China is to outlaw the selective abortion of female fetuses to correct an imbalance in the ratio of boys to girls that has grown since the family planning policy was introduced more than 20 years ago.

State media reported that government figures show 119 boys are born in the world's most populous country for every 100 girls, but Beijing has set a goal of reversing the imbalance by 2010.
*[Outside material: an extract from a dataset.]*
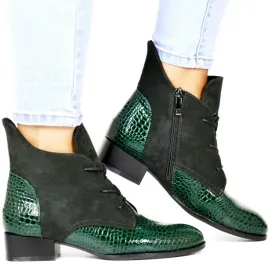 damskie-botki-na-plaskiej-podeszwie-potocki-12498-zielone-krokodyl-zamsz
China implemented the family planning policy in the early 1980s to curb its massive population -- which officially hit 1.3 billion Thursday -- but the restrictions have bolstered a traditional preference for baby boys.

The Xinhua news agency quotes Zhang Weiqing, minister in charge of the National Population and Family Planning Commission, as saying in a report that the government takes it as an urgent task to correct the gender imbalance of newborns.

As a new measure, the commission will start drafting revisions to the Criminal Law in order to effectively ban fetus gender detection and selective abortion other than for legitimate medical purposes.

Sex-selective abortion is already banned but technologies such as ultrasound have made it easier to know a baby's gender in advance, increasing the chances for aborting girls.

Experts say that criminalising the ban would be a more effective deterrent. It gave no details on what the possible punishments might be.

But demographers have said curbing the gender imbalance is not simply a case of cracking down on abortions, pointing out that in poor, rural areas, girls are often not cared for as well as boys, resulting in higher infant-death rates for girls.

Chinese traditionally prefer sons because they are seen as more able to provide for the family, to support elderly parents and to carry on the family line. Daughters become members of their husband's family when they marry.